University of Delaware recommends potassium (K) applications for low (0-70 ppm) and medium (71-140 ppm) soil test categories. However, soils in Delaware may have K that is not accounted for in a normal soil test, with minerals slowly release K over the growing season. Some of this was established by UD soil chemists in the 1980s, who observed high total K (not all plant available) in our soils, particularly in the sand fraction (https://www1.udel.edu/soilchem/Parker89SSSAJa.pdf). This means that some soils may need less K than is recommended by a regular soil test.

Some recent studies at UD, including K rates and split applied K have observed limited responses to K applications. For six corn K-rate studies at UD (2021-2023), a response to K was only observed in one field, even though fields were in the low to medium soil test range (52-142 ppm K.)  For split applied K studies (pre-plant and in season), a yield response was also not observed for both corn and soybeans in 2019 and 2020, although K uptake could increase.

In 2023, the Delaware Soybean Board sponsored a project observing K applications across soils with varying cation exchange capacity (CEC), which controls nutrient holding in the soil.
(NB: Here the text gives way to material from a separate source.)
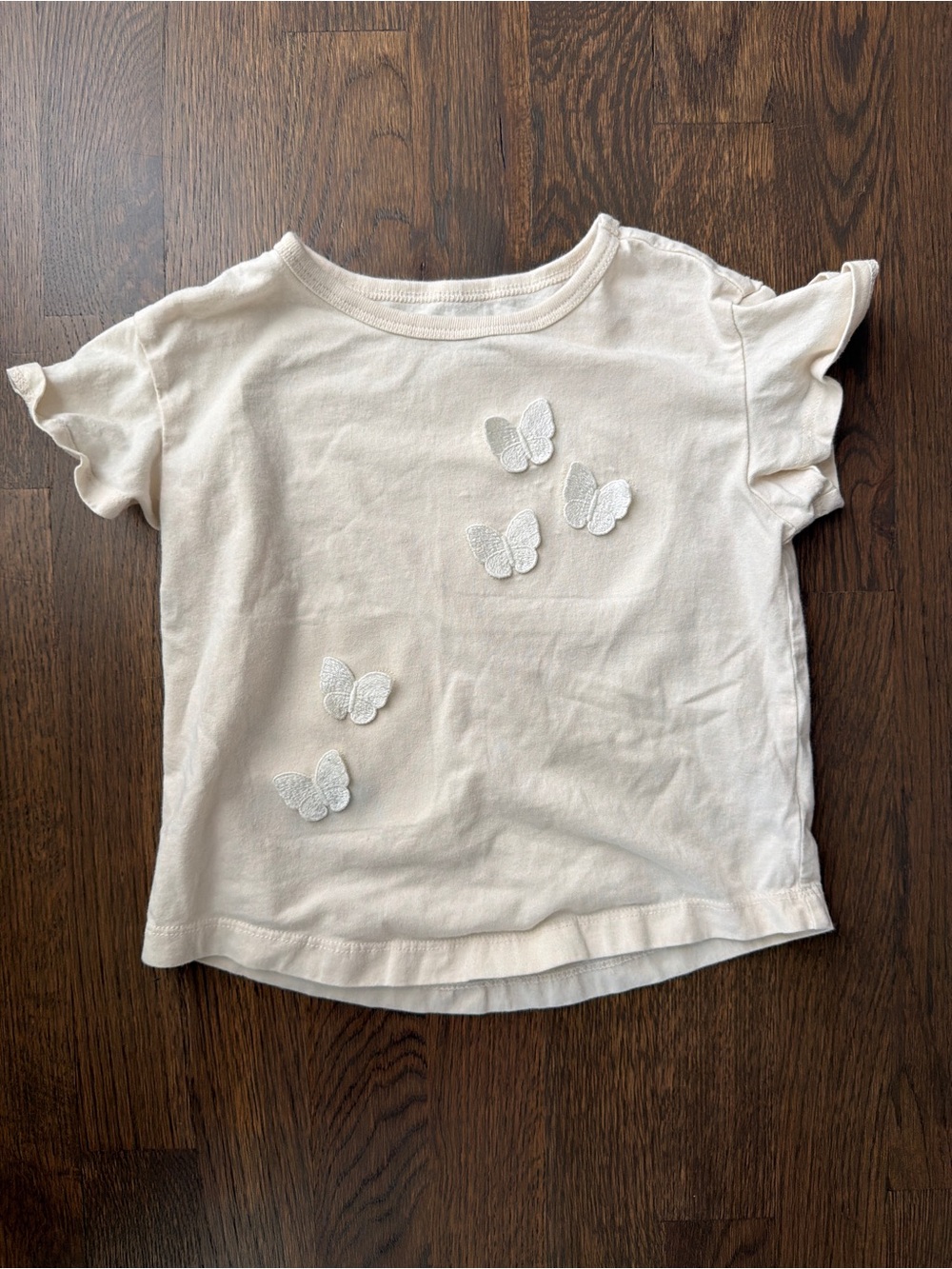 Carters Girls Cream Butterfly Appliqué Tee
One of our research farms (Figure 1a) has a zone in the field with very low CEC’s (< 4 meq/100g), that will hold less K and promote leaching. This field had very low K concentrations (20 – 50 ppm) where K was applied at two rates (0 and 60 lbs K2O) in high and low CEC zones. While CEC had a large effect on yields (Figure 1b), applying K did not have any statistically significant effect.

Figure 1: a) A map of soil cation exchange capacity (CEC) at our research farm in Harbeson, DE and b) yields based on CEC (> or < 4) and K applications (0 or 60 lbs K2O). Yields were only significantly greater based on CEC.

This implies that our research farm has additional K not being picked up by a soil test, and we should be more concerned with soil variability and low CEC. Managing CEC is difficult since it is an inherent property of the soil that can only realistically be improved with increased organic matter.

The overall point is that your sandy, Delaware soils may provide more K than you are aware of. The only way to be sure is through soil and tissue testing combined with varying potash applications (can be small areas) to predict field K supplies.